Dr. Monnan stated that 15% of your workforce, probably more, are addicted to drugs, alcohol, or tobacco.

A question to ponder: what policies does your company have to assist with help: personal an family struggles?  If you needed the help with either where would you go internally?  How do you get help?  Do you rely on friends and family?  Are you comfortable talking to your boss/leader, and HR?

Chapter 4 – Stress

We’ve known that stress has been identified as the leading driver for work-related chronic health issues for a while now but do you know how stress affects your body? When our bodies are under constant stress cortisol levels elevate and accelerate your heart which then speeds up and releases glucose. As stress pushes forward, if the body isn’t in survival mode there are serious health complications: blood sugar goes out of balance and the brain will instruct the body to hold on to calories.

So why do we focus on wellness when we know the problem is stress?
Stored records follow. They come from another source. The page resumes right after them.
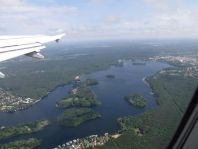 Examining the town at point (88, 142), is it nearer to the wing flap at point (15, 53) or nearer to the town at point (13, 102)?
the town at point (13, 102)

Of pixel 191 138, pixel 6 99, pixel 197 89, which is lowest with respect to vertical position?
pixel 6 99

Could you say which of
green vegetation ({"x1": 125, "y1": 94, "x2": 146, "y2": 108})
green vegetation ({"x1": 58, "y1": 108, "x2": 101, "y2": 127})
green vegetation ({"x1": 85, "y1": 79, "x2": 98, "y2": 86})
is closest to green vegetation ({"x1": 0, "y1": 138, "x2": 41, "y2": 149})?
green vegetation ({"x1": 58, "y1": 108, "x2": 101, "y2": 127})

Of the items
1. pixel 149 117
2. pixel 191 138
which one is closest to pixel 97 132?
pixel 149 117

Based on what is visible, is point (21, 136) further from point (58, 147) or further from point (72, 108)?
point (72, 108)

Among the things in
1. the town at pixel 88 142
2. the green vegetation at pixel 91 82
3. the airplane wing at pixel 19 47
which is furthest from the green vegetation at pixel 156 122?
the green vegetation at pixel 91 82

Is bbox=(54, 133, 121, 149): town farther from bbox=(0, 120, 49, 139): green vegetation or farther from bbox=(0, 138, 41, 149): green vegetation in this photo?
bbox=(0, 120, 49, 139): green vegetation

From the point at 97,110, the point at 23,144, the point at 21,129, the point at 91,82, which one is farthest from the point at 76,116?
the point at 91,82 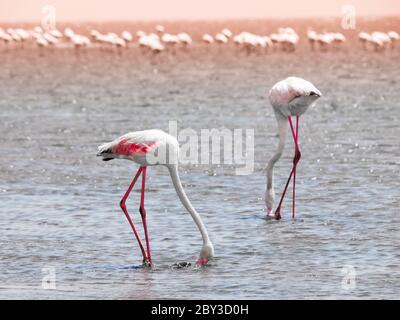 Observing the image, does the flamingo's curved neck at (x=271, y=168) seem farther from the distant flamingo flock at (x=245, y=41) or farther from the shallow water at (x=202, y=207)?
the distant flamingo flock at (x=245, y=41)

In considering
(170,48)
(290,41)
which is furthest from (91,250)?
(170,48)

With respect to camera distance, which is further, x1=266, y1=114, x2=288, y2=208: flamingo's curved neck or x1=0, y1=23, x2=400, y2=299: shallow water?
x1=266, y1=114, x2=288, y2=208: flamingo's curved neck

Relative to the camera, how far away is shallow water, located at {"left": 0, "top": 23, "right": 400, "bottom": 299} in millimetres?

At the beginning of the wellness surge, Dr. Roizen identified that no one saw stress as a factor. However, over time the role of stress began to draw everyone in. I think many of us can relate to this quote: According to Bob Chapman “The person you report to at work is more important to your health than your doctor!

Did you know that there is a 20% increase in heart attacks on Monday mornings? According to Dr. Roizen, the way we treat people at work affects the way they treat their families. His research shows how the work day goes will impact as Americans what will transpire after work. A simple nudge of checking attitudes at the door and leaving the day behind can be very impactful to our loved ones!